Laughing at place names is immigrant’s delight — I did it in Rhode Island, too. Come to think of it, I did it in Tennessee, and the Weasel family were founding members.

But, honestly, Tickle Cock bridge? Yes, it was so named for the obvious reason. It’s a local makeout spot, apparently, though it doesn’t look very romantic to moi. When the council discreetly put up a plaque designating it “Tittle Cott Bridge” a local geriatric support group, Voice for the Elderly, howled and waved their walkers about and threw tapioca until they changed it back again. Really.

Unlike the four families who live on Butt Hole Road, who took up a collection to change the name to Archer Way. They didn’t so much mind continually replacing the sign, it was the snapshot-posers that got to them.

For your enjoyment, the thirty rudest place names in Britain.

I notice they don’t include Pratt’s Bottom. I still want to have tea there some day.

Comments


Comment from S. Weasel
Time: February 18, 2010, 7:52 pm

Today’s post brought to you by Uncle Badger, who sent me the first link this morning. He thought up the graphic, too.

I’m totally out of gas today. I think we’re both a bit cooped up and stir crazy and ready for Winter to be OVER.


Comment from Uncle Badger
Time: February 18, 2010, 8:07 pm

Her Stoatyness also keeps going on about a place we pass on the way back from London. It’s called Badger’s Mount .

There’s not much worse than a sniggering weasel.


Comment from Scubafreak
Time: February 18, 2010, 8:16 pm

Oh Gawd. Tickle Cock Bridge. Thats a hell of a thing to read when you are biting down on some Popeyes fried chicken…… 😉


Comment from Enas Yorl
Time: February 18, 2010, 8:23 pm

…sniggering weasel

I imagine it sounds something like this Uncle Badger.


Comment from steve
Time: February 18, 2010, 8:45 pm

re: #15 – Fanny Ave.

Am I correct in my belief that the word “fanny” has ….err….ummm…. Well, let’s just say “quite the opposite meaning” over there, than it does on this side of the Western Ocean.


Comment from Allen
Time: February 18, 2010, 8:53 pm

My favorite: Lizard Lick NC. East of Raleigh. The story goes that the gummint set up a liquor store at a cross roads to compete against the illegal shiners.

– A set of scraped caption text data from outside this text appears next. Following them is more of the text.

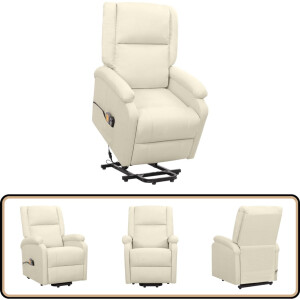 vidaXL Sta-op-massagestoel - Crèmekleurig - Verstelbaar Sta-op Massagestoel - Massagestoel - Ergonomische Stoel - Fauteuil Elektrisch - Relaxstoel
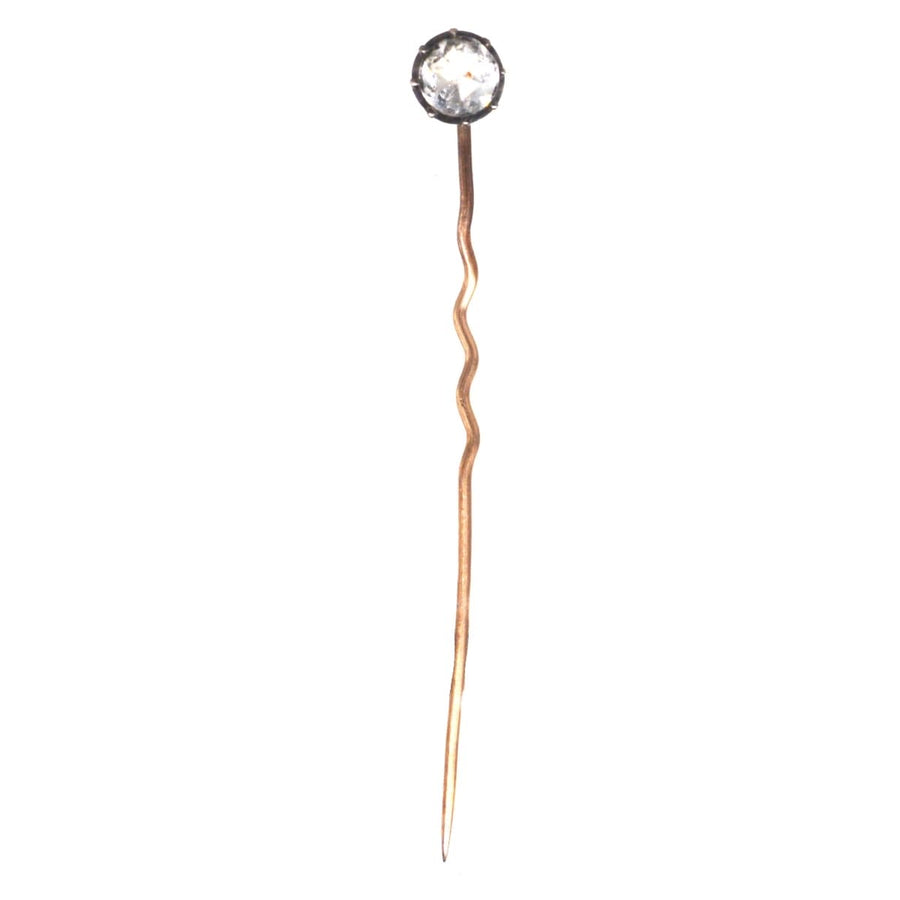 Early 19th Century silver rose cut paste tie pin with elegant diamond-like design and stopper.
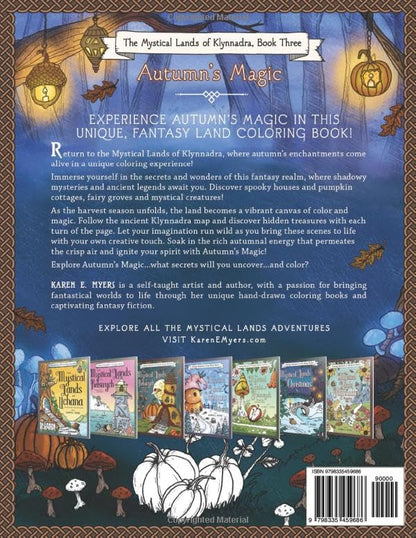 The Mystical Lands of Klynnadra, Book Three, Autumn's Magic: Adult Coloring Book Adventures, Hand Drawn, Magical Fantasy Land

Speaking of which, you didn’t actually think driving fast cars came about because someone thought NASCAR might be big someday did you?

My youth, sniff.


Comment from Can’t hark my cry
Time: February 18, 2010, 8:56 pm

I can’t believe someone actually thought “Tittle Cott” would be an improvement. Any word start with tit is pretty much guaranteed to provoke sniggers in a certain age group. . .not the one with the walkers, though. All the same, replacing ck with tt makes it almost impossible to say. Dumb, dumb, dumb.

Oh, yeah–I went to college in Pennsylvania. I never actually visited Blue Balls or Intercourse, but I was assured they were real PA place names. . .’course, I was pretty naive back then.


Comment from Uncle Badger
Time: February 18, 2010, 9:05 pm

Enas Yorl – that’s the one! 🙂


Comment from Uncle Badger
Time: February 18, 2010, 9:05 pm

And, uh, Steve – yes. It does.


Comment from Pavel
Time: February 18, 2010, 10:13 pm

So do they serve spotted dick at Tickle Cock?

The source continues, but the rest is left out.